What is being asked: Once you find the line with "Продается Многокомнатная квартира, 100 м²" in the data below, transcribe exactly each line from there to the line with "Nike Vomero Plus", inclusive, and nothing else. Drop the pictures.

Provided data:
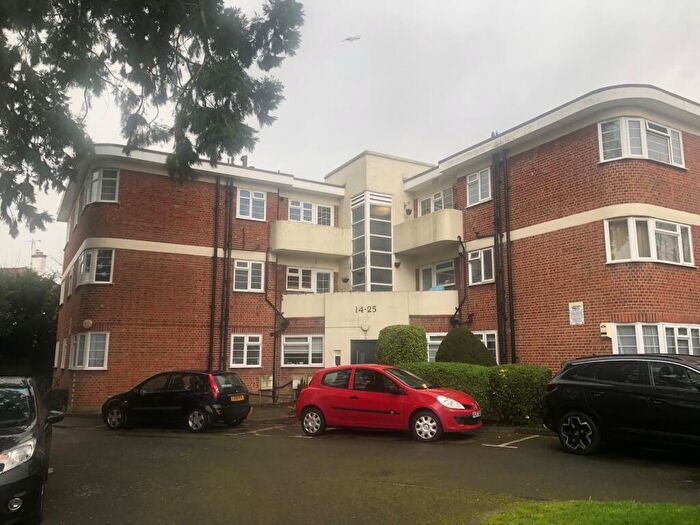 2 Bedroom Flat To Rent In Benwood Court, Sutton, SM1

---

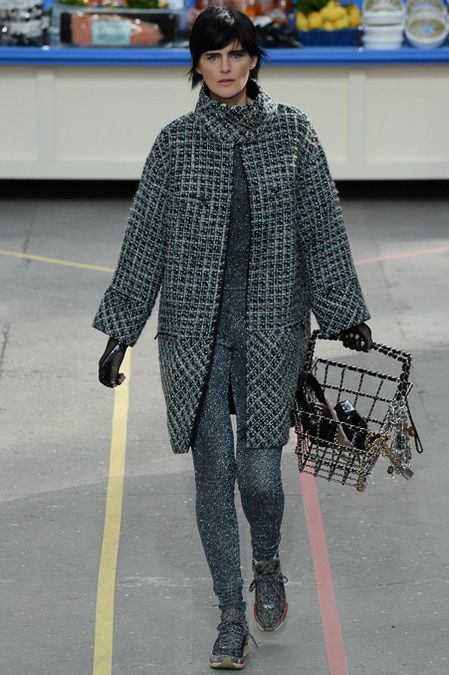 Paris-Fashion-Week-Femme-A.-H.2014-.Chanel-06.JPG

...

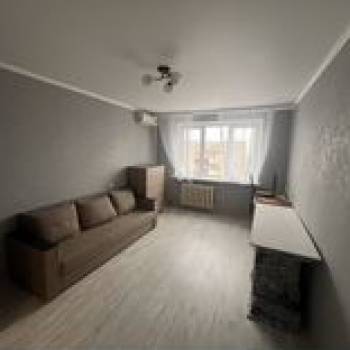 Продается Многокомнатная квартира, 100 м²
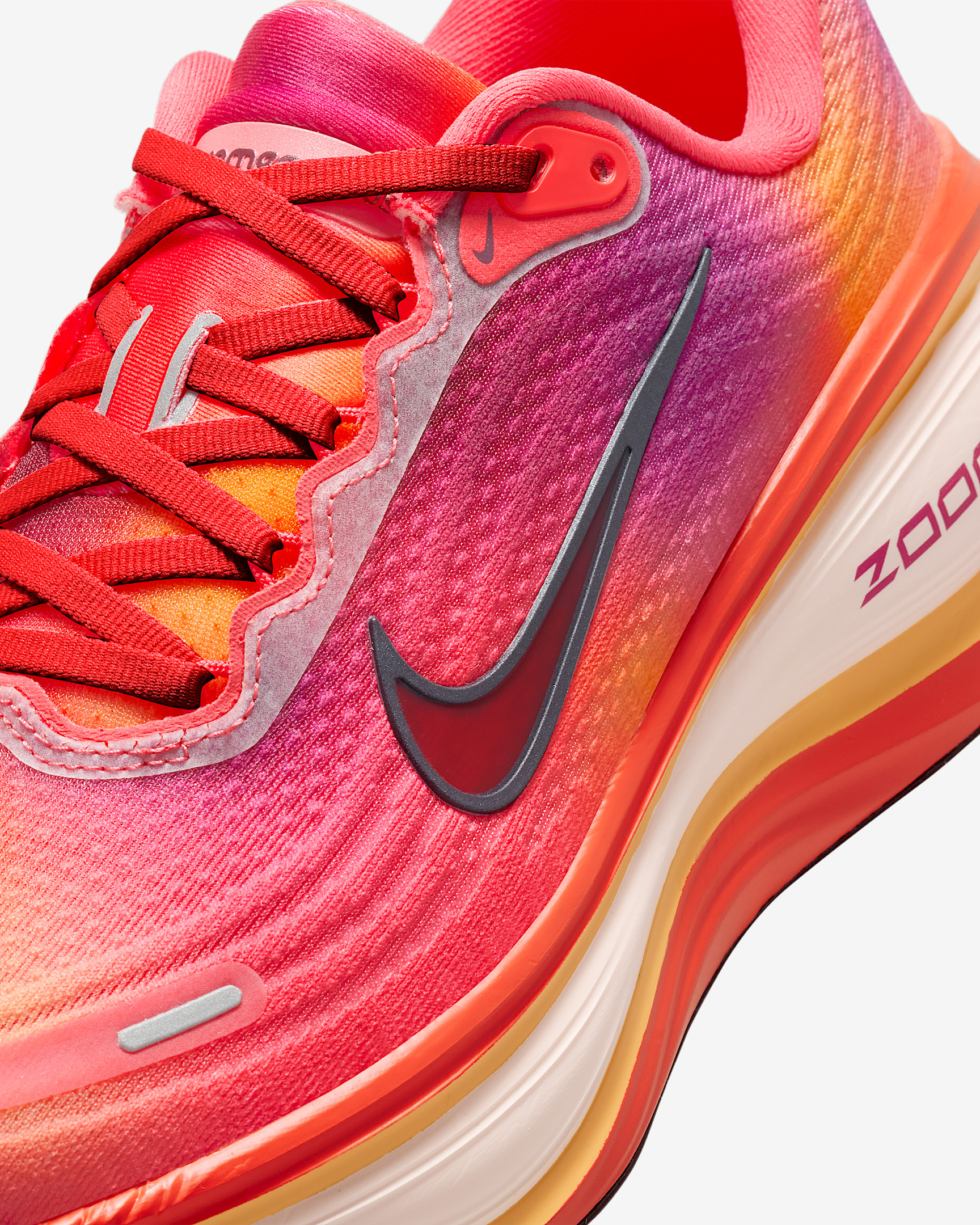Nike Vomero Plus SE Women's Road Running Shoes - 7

Response:
 Продается Многокомнатная квартира, 100 м²
Nike Vomero Plus SE Women's Road Running Shoes - 7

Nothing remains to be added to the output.